Lavelle-McMullan symmetry of QED is examined at classical and quantum levels.
It is shown that Lavelle-McMullan symmetry does not give any new non-trivial
information in QED by examining the Ward-Takahashi identities. Being inspired
by the examination of Ward-Takahashi identity, we construct the generalized
non-local and non-covariant symmetries of QED.





\vfill








\newpage
\setcounter{footnote}{1}

In a recent work Lavelle-McMullan(LM) found a non-local and non-covariant
symmetry of QED in the Feynman gauge[1]. They claimed that this is new
symmetry and the physical states of QED are restricted by the conditions
\beqs
Q_{BRST} \mid phys >&=& 0,   \\ \nn
  Q_{LM} \mid phys >&=& 0,
\eeqs
where $Q_{BRST}$ and $Q_{LM}$ are charges of BRST[2, 3] and LM transformations
respectively. More recently it was disputed whether LM symmetry is merely
non-local version of BRST symmetry or not[4, 5].
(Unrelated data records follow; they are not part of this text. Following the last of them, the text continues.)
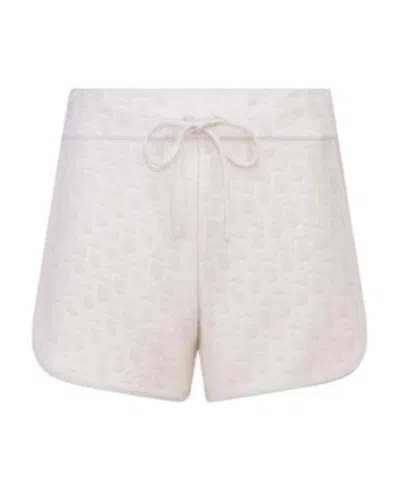Dior Lace Up Shorts In White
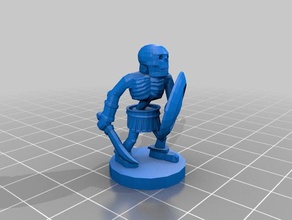 iskelet kılıç Kalkan kafatası güncellendi modelleri boardgame dnd fantezi canavar rpg undead wargaming 3d print model - Mito3D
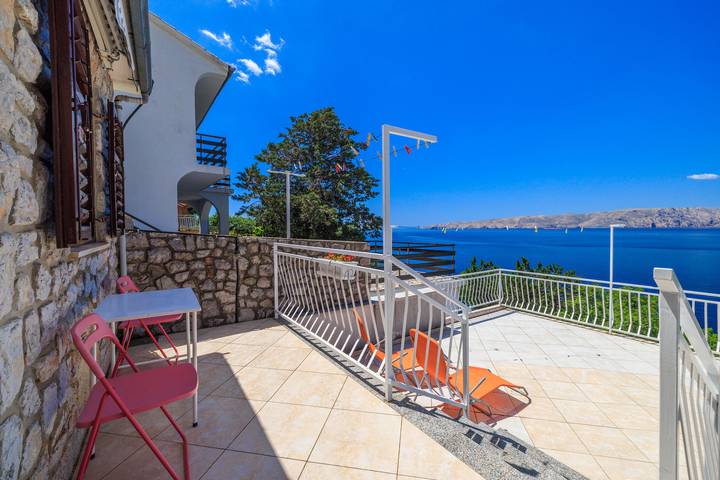 Studio für 2 Personen, mit Terrasse in Kvarner Bucht - 2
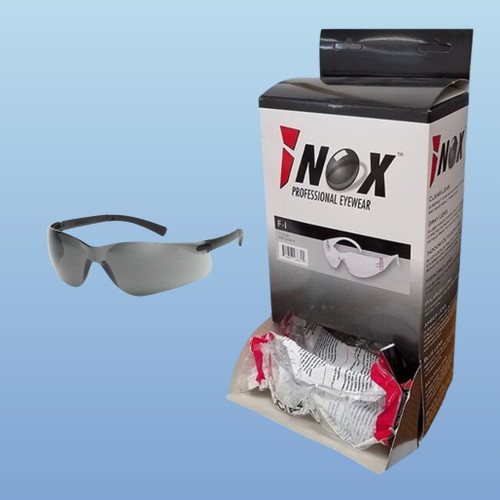 iNOX F-II Wrap Around Safety Glasses - Gray Lens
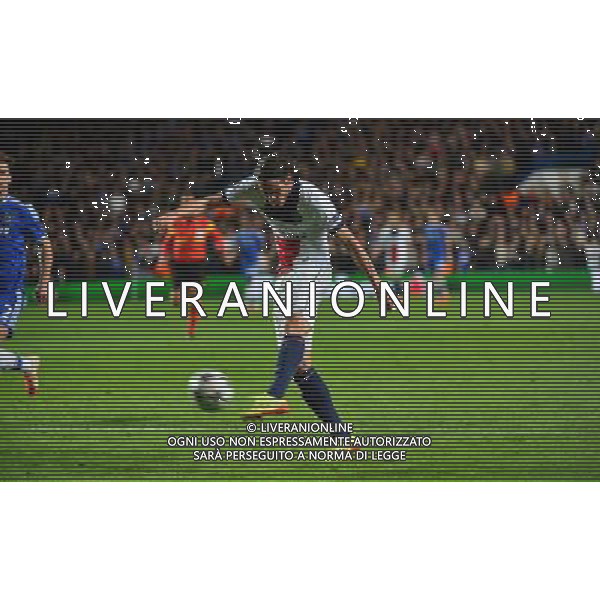 Edinson CAVANI - 08.04.2014 - Chelsea / Paris Saint Germain - 1/4Finale Retour Champions League -Londres Photo : Dave Winter / Icon Sport AG ALDO LIVERANI SAS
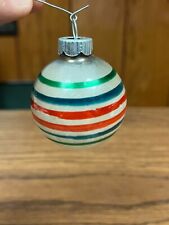 Vintage 2'' 50'S SHINY BRITE  Striped Round Christmas Xmas Ornament picture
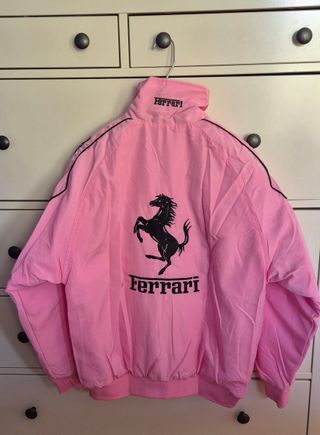 Chaqueta Bomber Ferrari Rosa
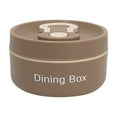 thumbnail image 1 of Miogawg Food Warm Lunch Container, Stainless Steel Insulated Lunch Container, Portable Thermal Double Layer Box, Round Shape Food Container For Office, 1 of 6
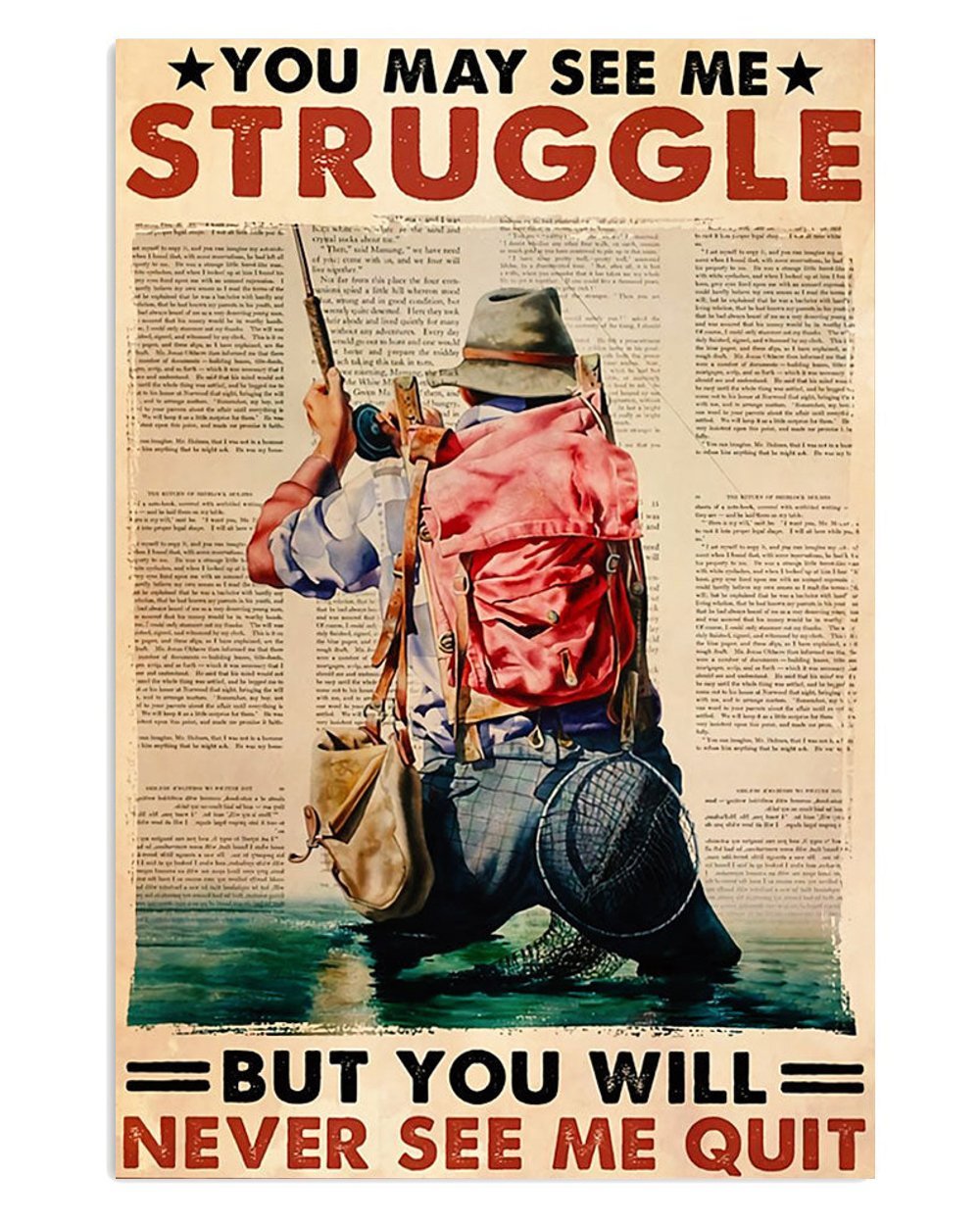 Vintage Fishing Poster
In the present paper we will examine this subject thoroughly by deriving
the Ward-Takahashi(WT) identities and show that LM symmetry does
not yield any new
non-trivial information. In addition we will construct the generalized
non-local and non-covariant symmetry for QED.
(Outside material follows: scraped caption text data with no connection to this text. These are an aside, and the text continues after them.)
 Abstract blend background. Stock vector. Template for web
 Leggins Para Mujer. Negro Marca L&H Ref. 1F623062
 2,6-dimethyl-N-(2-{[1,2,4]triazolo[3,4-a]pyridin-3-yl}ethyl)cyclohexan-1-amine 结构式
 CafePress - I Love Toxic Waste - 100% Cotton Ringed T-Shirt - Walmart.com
The QED Lagrangian we will study in Feynman gauge is
\beq
{\cal L} = - \frac{1}{4}F_{\mu \nu}F^{\mu \nu} -
          \frac{1}{2}(\partial_{\mu}A^{\mu})^2 +
          \bar{\psi}(i \gamma^{\mu}D_{\mu} - m) \psi -
          i \partial_{\mu} \bar{c} \partial^{\mu} c,
\eeq
where $D_{\mu} = \partial_{\mu} + ig A_{\mu}$.
The BRST symmetry for the Lagrangian (2)
\beqs
    \delta_{BRST}A_{\mu}&=& \partial_{\mu}c,  \\ \nn
          \delta_{BRST}c&=& 0, \\ \nn
   \delta_{BRST} \bar{c}&=& -i \partial_{\mu}A^{\mu},  \\ \nn
      \delta_{BRST} \psi&=& -igc \psi,\\ \nn
\delta_{BRST} \bar{\psi}&=& -ig \bar{\psi} c,
\eeqs
yields a conserved current through Noether's theorem
\beq
J^{\mu}_{BRST} = -(F^{\mu \nu} + g^{\mu \nu} \partial_{\rho}A^{\rho})
                 \partial_{\nu} c + g J^{\mu}c,
\eeq
where $J^{\mu} = \bar{\psi} \gamma^{\mu} \psi$.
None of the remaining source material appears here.